We'd at least have to touch every non-read request in SDN to check for
the global lock - but yes, the wording is a bit overly dramatic. We
already have an existing lock_sdn_config, so adding another layer of
locking there shouldn't be an issue. If I decide to go for the .new
config route described below, this will be a bit more involved though.

> My thoughts when we talked was to go roughly for:
> Add a new endpoint that 1) ensure basic healthiness and 2) registers a
> lock for the whole, or potentially only some parts, of the SDN stack.
> This should work by returning a lock-cookie random string to be used by
> subsequent calls to do various updates in one go while ensuring nothing
> else can do so or just steal our lock.  Then check this lock centrally
> on any write-config and be basically done I think?

That was basically what I envisioned as the implementation for the
lock too.

> A slightly more elaborate variant might be to also split the edit step,
> i.e.
> 1. check all remotes and get lock
> 2. extend the config(s) with a section (or a separate ".new" config) for
>    pending changes, write all new changes to that.
> 3. commit the pending sections or .new config file.
> 
> With that you would have the smallest possibility for failure due to
> unrelated node/connection hickups and reduce the time gap for actually
> activating the changes. If something is off an admin even could manually
> apply these directly on the cluster/nodes.

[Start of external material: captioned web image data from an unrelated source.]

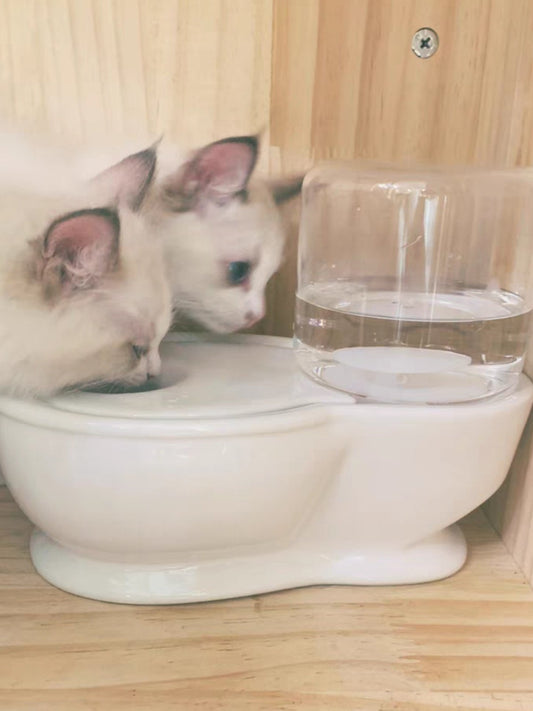Automatic water bowl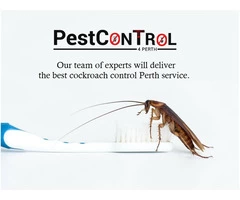 Cockroach Control Perth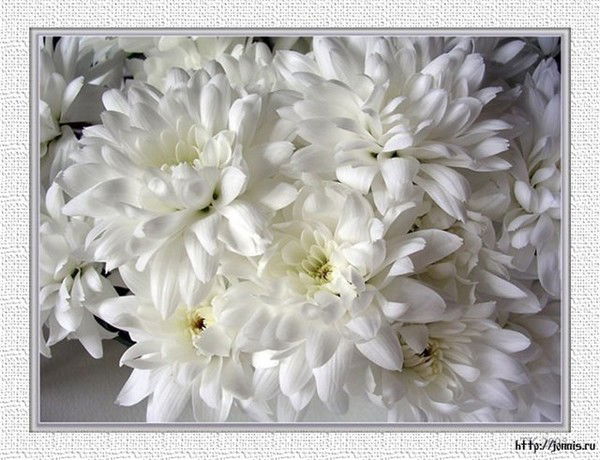 Айжан Сепсекенова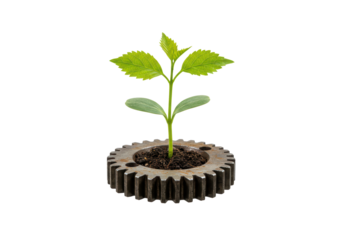 Isolated Sprout Growing in Gear Symbolizing Sustainable Industry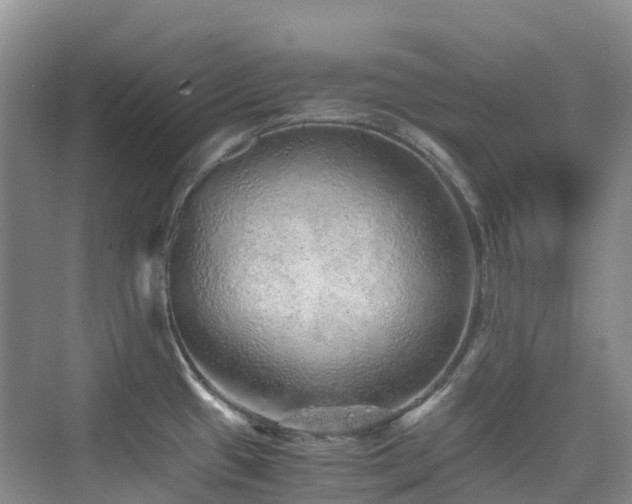 X0000076071433200609221145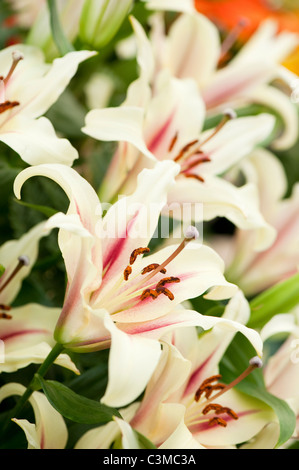 Lilium orientalische Trompete "Nymphe" Stockfoto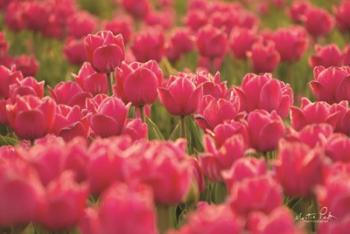 Pretty Pink Tulips | Obraz na stenu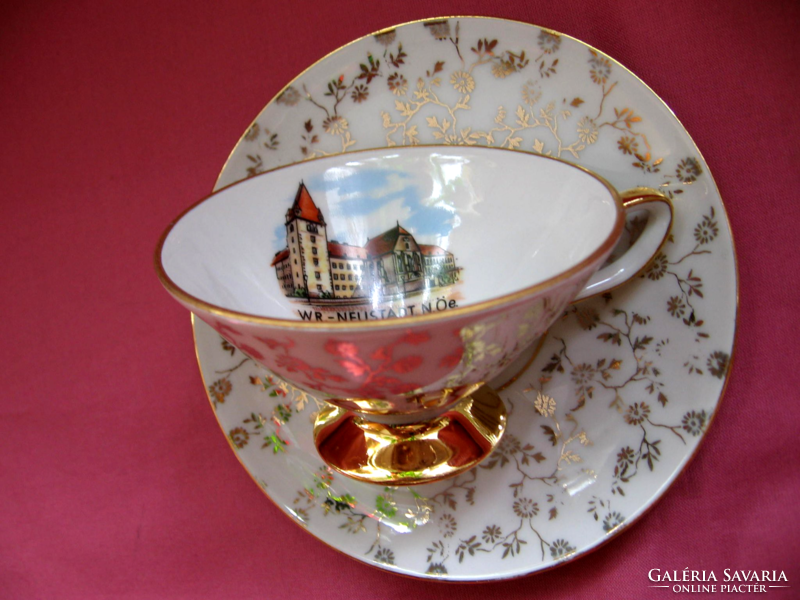 Collectible wiener neustadt akademie eigl porcelain souvenir cup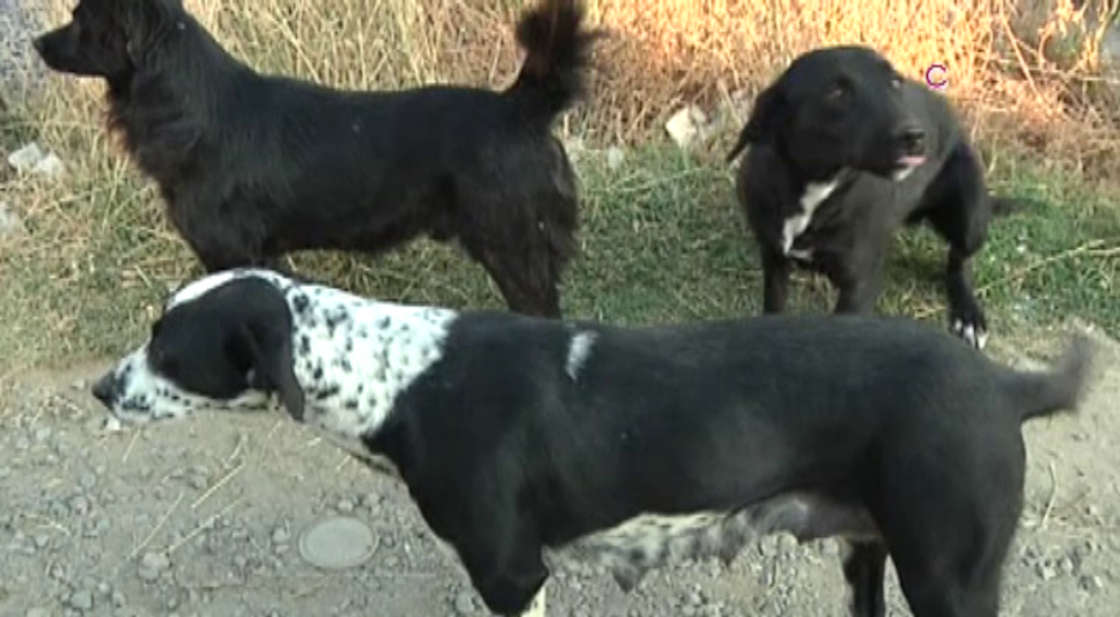 Vecinos de Contla piden atender la presencia de perros abandonados en la Malintzi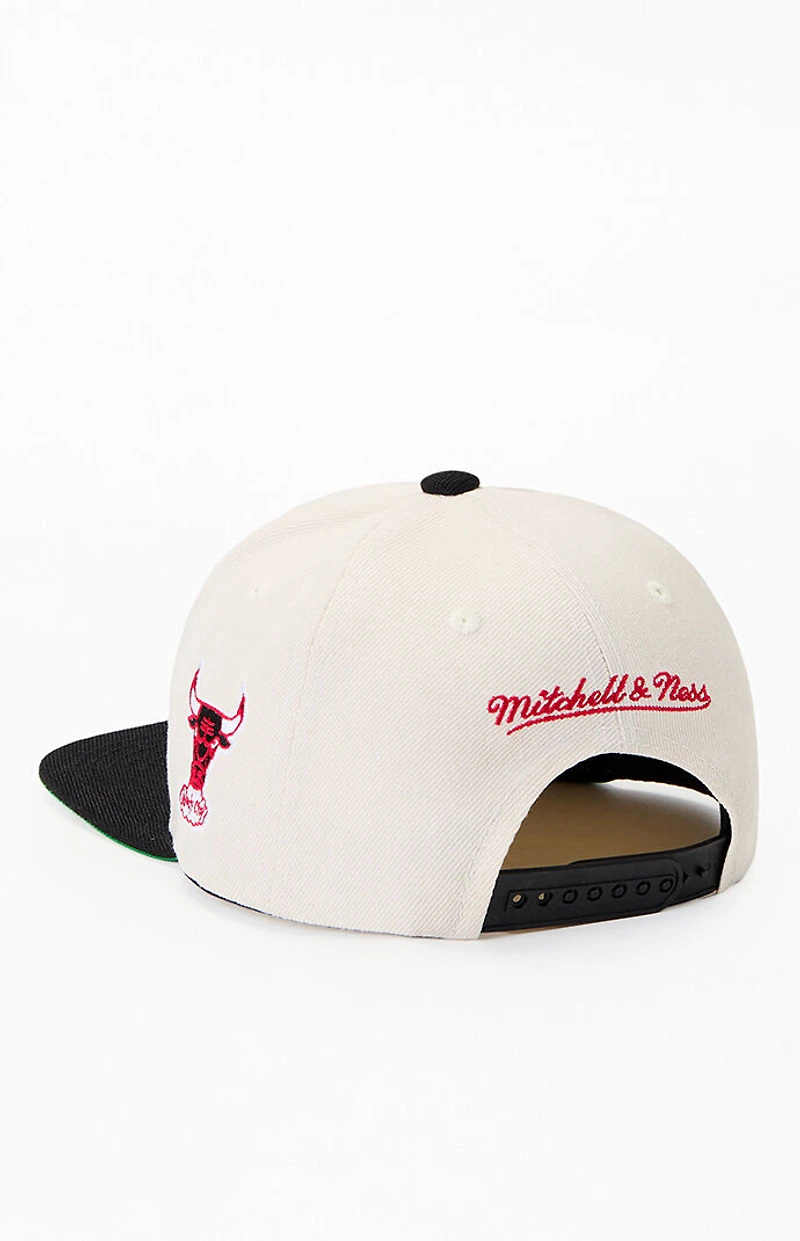 Mitchell & Ness Kids Chicago Bulls Across The Board Snapback Hat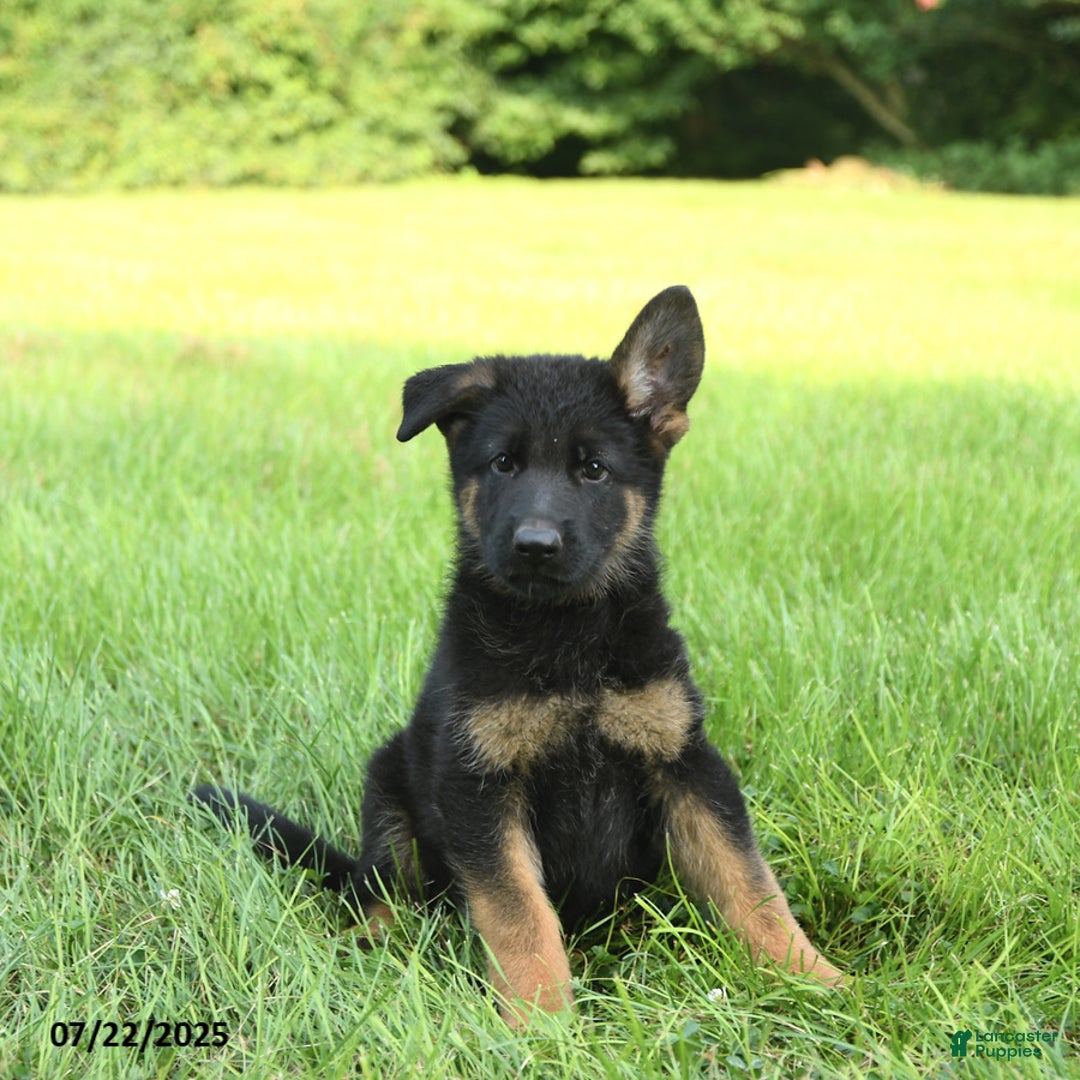 German Shepherd dogs for sale: German Shepherd 8 puppies - Image 18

This sounds like an even better idea, I'll look into how I could
implement that. As a first step, I think I'll simply go for the
lock-cookie approach, since we can always implement this more elaborate
approach on top of that.

>> * In case of failures on the PDM side it is harder to recover, since
>> it requires manual intervention (removing the lock manually).
> 
> Well, a partially rolled out SDN update might always be (relatively)
> hard to recover from; which approach would avoid that (and not require
> paxos, or raft level guarantees)?

One idea that came to my mind was automatic rollback after a timeout if
some health check on the PVE side fails, similar to when you change
resolution in a graphics driver.

> FWIW, we already got pmxcfs backed domain locks, which I added for the
> HA stack back in the day. These allow relatively cheaply to take a lock
> that only one pmxcfs instance (i.e., one node) at a time can hold.  Pair
> that with some local lock (e.g., flock, in single-process, many threads
> rust land it could be an even cheaper mutex) and you can quite simply
> and not to expensively lock edits – and I'd figure SDN modifications do
> not have _that_ high of a frequency to make performance here to critical
> for such locking to become a problem.

I'll look into those - thanks for the pointer.